◆ Provided entries:
===============
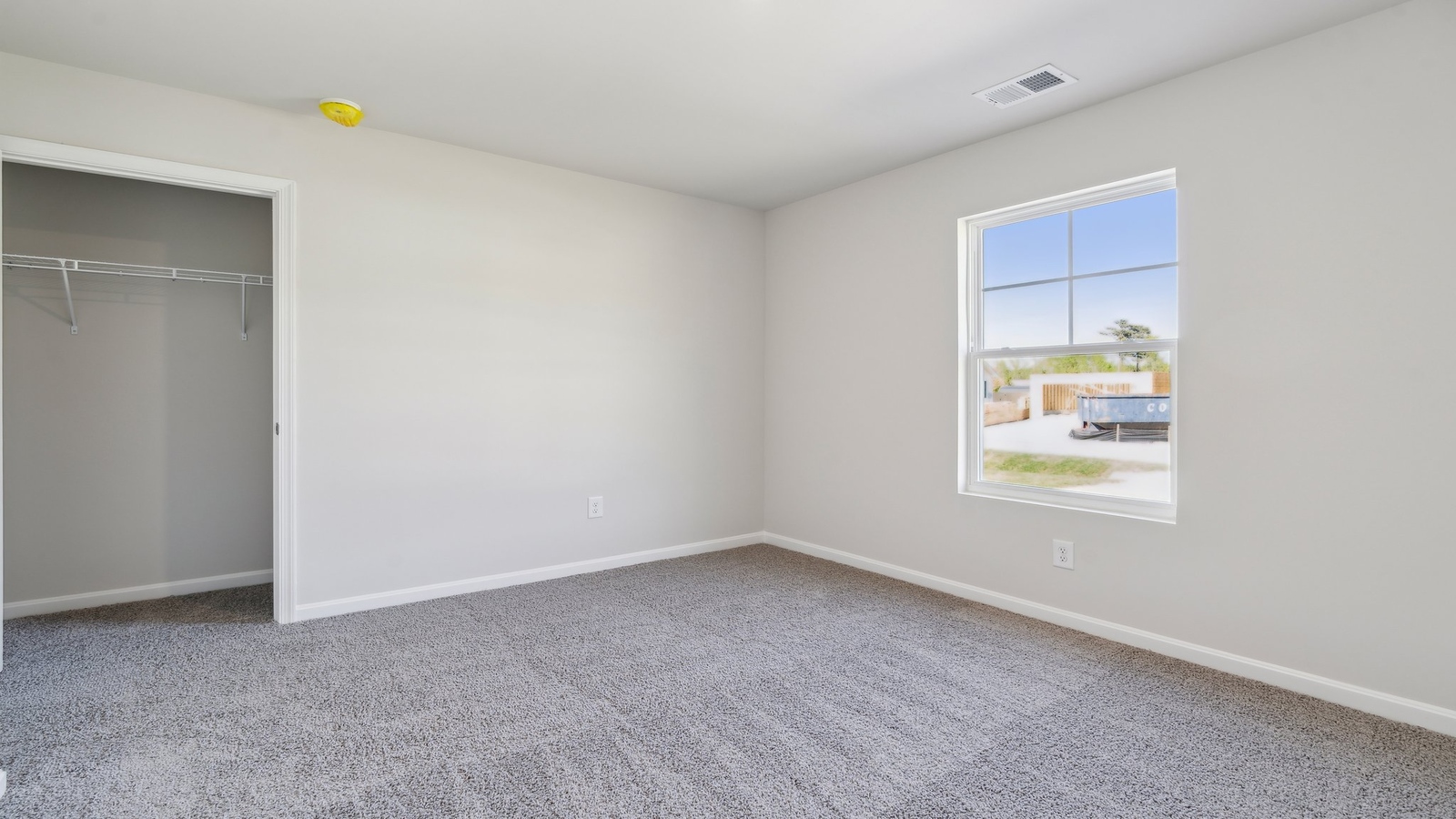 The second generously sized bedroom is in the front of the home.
===============
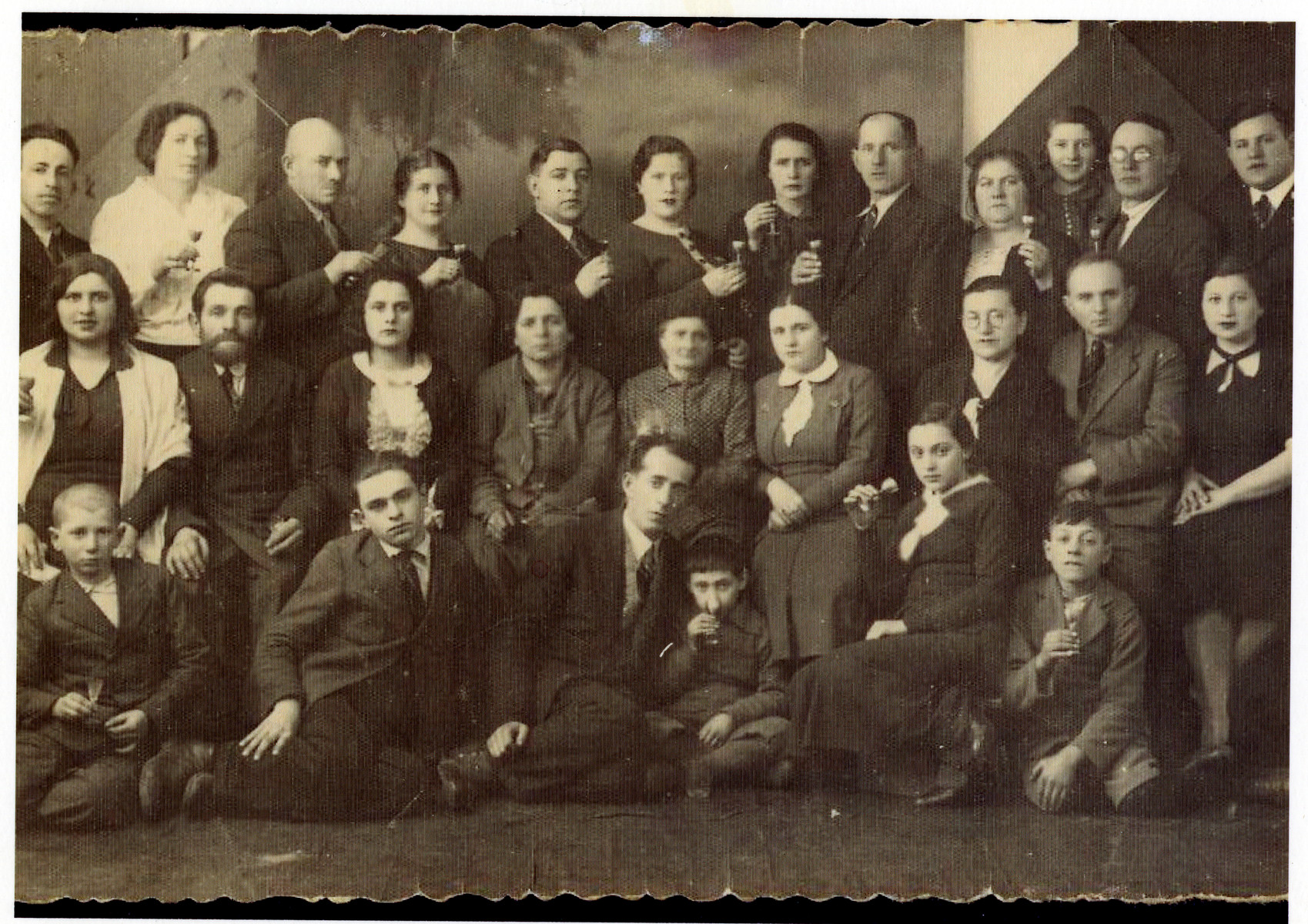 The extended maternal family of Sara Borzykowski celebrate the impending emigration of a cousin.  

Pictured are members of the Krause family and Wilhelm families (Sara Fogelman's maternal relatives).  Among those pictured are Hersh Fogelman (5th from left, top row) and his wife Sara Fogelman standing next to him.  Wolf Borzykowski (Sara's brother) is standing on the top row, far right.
===============
An exact transcription is needed of the lines from the one with "The extended maternal" to the one with "Pictured are members" above, both ends included, with pictures left out.

 The extended maternal family of Sara Borzykowski celebrate the impending emigration of a cousin.  

Pictured are members of the Krause family and Wilhelm families (Sara Fogelman's maternal relatives).  Among those pictured are Hersh Fogelman (5th from left, top row) and his wife Sara Fogelman standing next to him.  Wolf Borzykowski (Sara's brother) is standing on the top row, far right.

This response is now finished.